Table of Contents
More on P450 nomenclature
Origins
A nomenclature of P450 genes and proteins was introduced when only 65 sequences were known ( Nebert et al., 1987). Gene families were initially designated by Roman numerals (e.g. CYPVIA1), but the proliferation of diverse sequences rapidly became discouraging, even to those versed in classics. The rules of nomenclature were then revised to their current form, using arabic numerals (e.g. CYP6A1)(Nebert et al., 1991, Nelson et al., 1993, Nelson et al., 1996).
Bending the rules
The identity (%) rules for family (40%) and subfamily (55%) designations are not strictly adhered to, but names once adopted are rarely changed.

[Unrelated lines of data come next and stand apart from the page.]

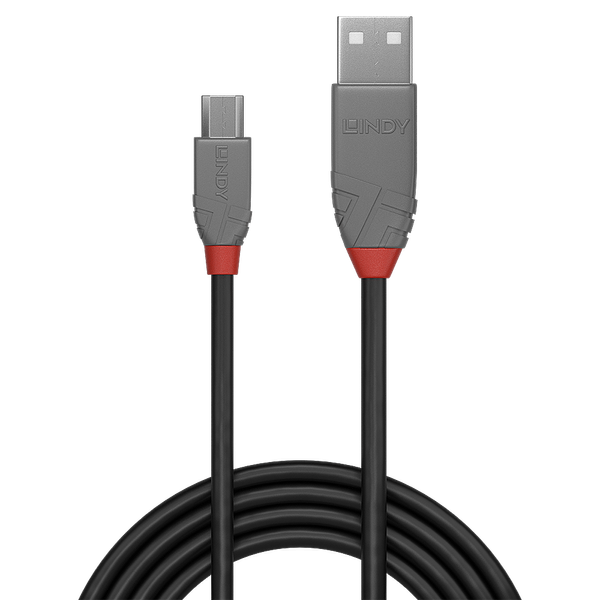 1m USB 2.0 Type A to Micro-B Cable, Anthra Line USB Type A Male to Micro-B Male image 2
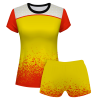 Conjunto voley mujer manga corta sublimado modelo corte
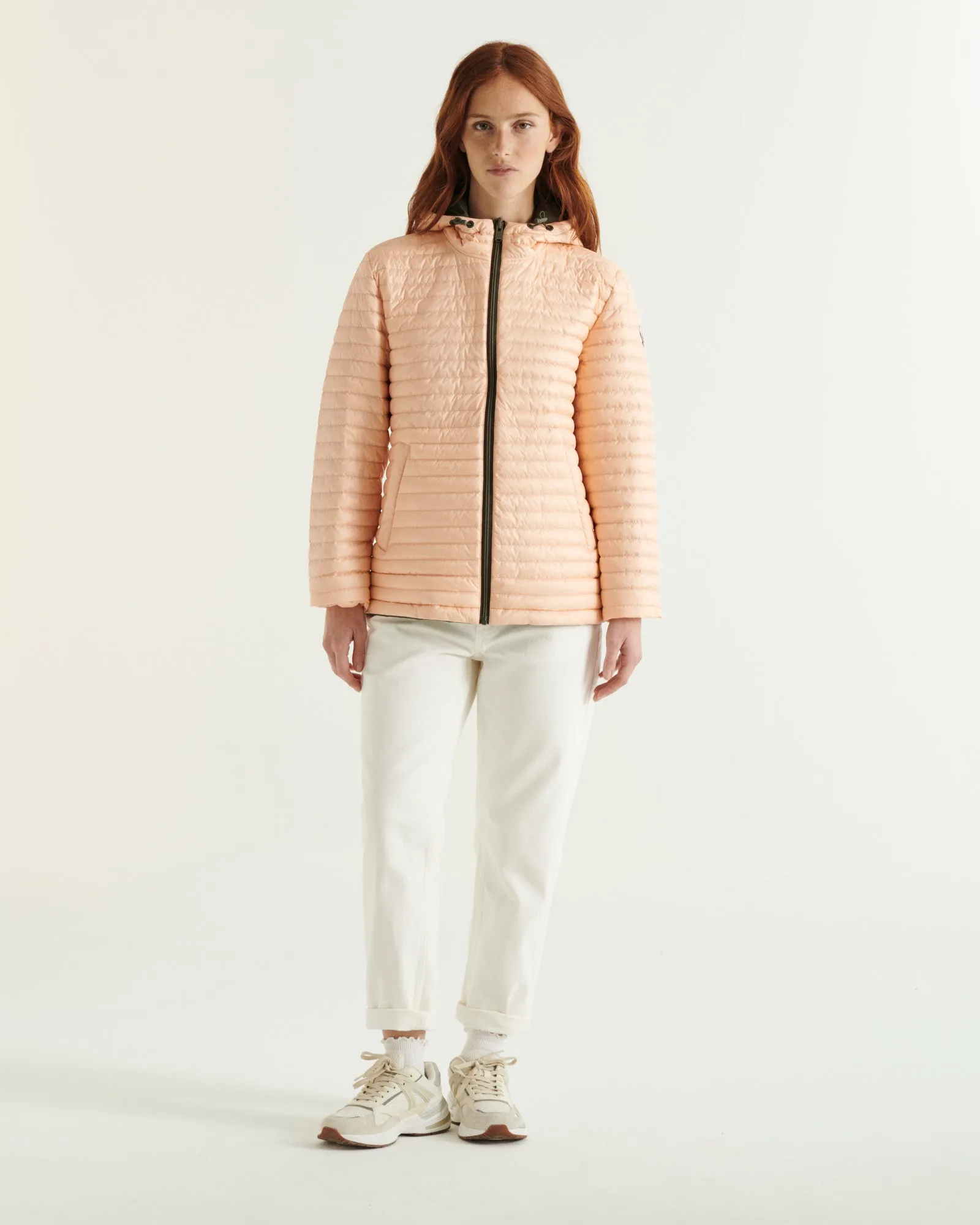 Bangkok 2.0 Ultralight reversible hooded winter jacket Army/Blush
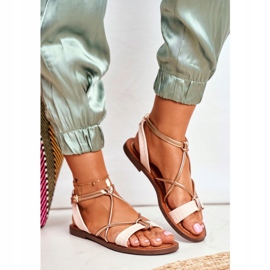 FW1 Sandales Femme Plat Rose Alison 1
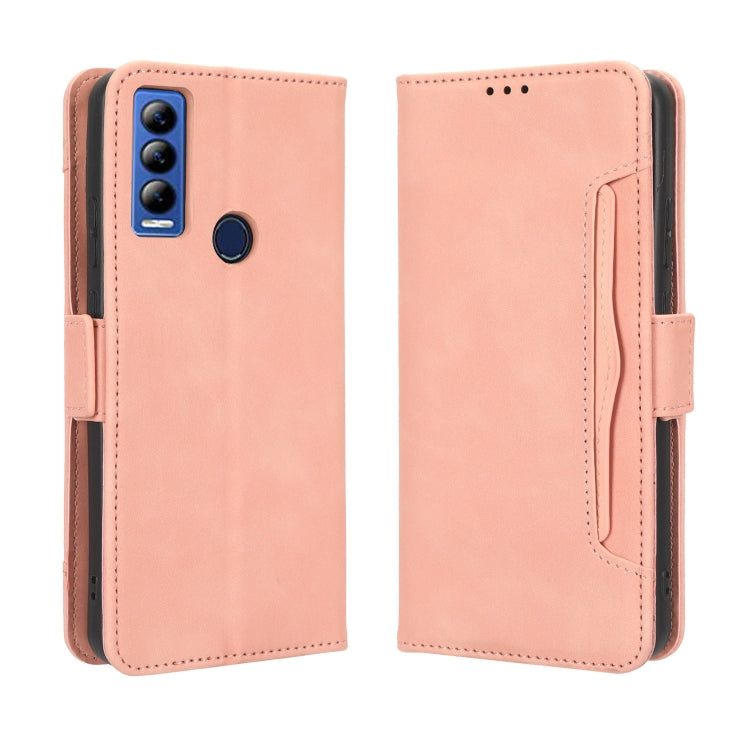 For AT&T Motivate Max U668AA Skin Feel Calf Texture Card Slots Leather Phone Case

Naming genes by the lumper mode or splitter mode: Initially, many insect P450s were arbitrarily lumped into the CYP6 and the CYP4 families even though they had less than 40% amino acid identity with CYP6A1 or with vertebrate CYP4 proteins. This was before anyone could have guessed how large the P450 superfamily would turn out to be.
Naming genes in the lumper mode made the CYP6 and CYP4 families the largest ones in insects by a cascade effect. Papilio polyxenes CYP6B1 is only 32% identical to Musca domestica CYP6A1 (Cohen et al., 1992), so placing it in the CYP6 family “forced” many subsequent sequences into that family even if they did not meet the 40% criterion.
The splitter mode prevailed at the completion of genome projects, which led to a new proliferation of CYP families in insects.
The confusing designations “CYP450”, “P4506G1” or other such variations should be avoided.
Different P450 enzymes are generally products of different genes, they are not isozymes.
A few documented cases of alternative splicing gives rise to different P450 isoforms.
The CYP nomenclature is a TOOL for easy communication, so it does not have to be perfect, just useful. To quote David Nelson : “The genome is a map. The more street signs the better.”
Alternate classifications
Pfam has a family called p450 (pf00067). As of this writing (Pfam35.0, Nov 2021), it covers 213,489 sequences from 5,038 species. A sequence tagged with pf00067 is almost certainly a P450 sequence.
In contrast and for some obscure reason, some classifications of gene families such as Interpro are using and spreading numbers and tags that are not very clear and mostly do not reflect evolutionary relationships, thus clouding understanding. Here are some Interpro entries that can (randomly, it seems) be found:
H (homologous superfamily type) IPR036396 Short name: Cyt_P450_sf with overlapping entries :
F (family type) IPR001128 Short name: Cyt_P450. This probably overlaps and/or includes:
F (family type) Cytochrome P450, B-class (IPR002397) these are most bacterial, mitochondrial and some fungal P450s
F (family type) Cytochrome P450, mitochondrial (IPR002399) overlaps somewhat with the one above
F (family type) Cytochrome P450, E-class, group I (IPR002401) covers vertebrate Clan 2 P450s as well as plant CYP71s…
F (family type Cytochrome P450, E-class, group II (IPR002402) now this one is a real winner, lumping together bacterial, fungal, vertebrate as well as insect CYP4 and CYP6 sequences…
and 23 more family types…
GO terms are also tagged to P450s, ranging from obvious to wrong. Caveat emptor. As P450s fall in different GO term categories, “GO term enrichment” can be a lottery.
Conserved protein domain family cd00302 and cl41757 at NCBI covers P450s, and has many subfamilies that seem to closely match P450 phylogeny.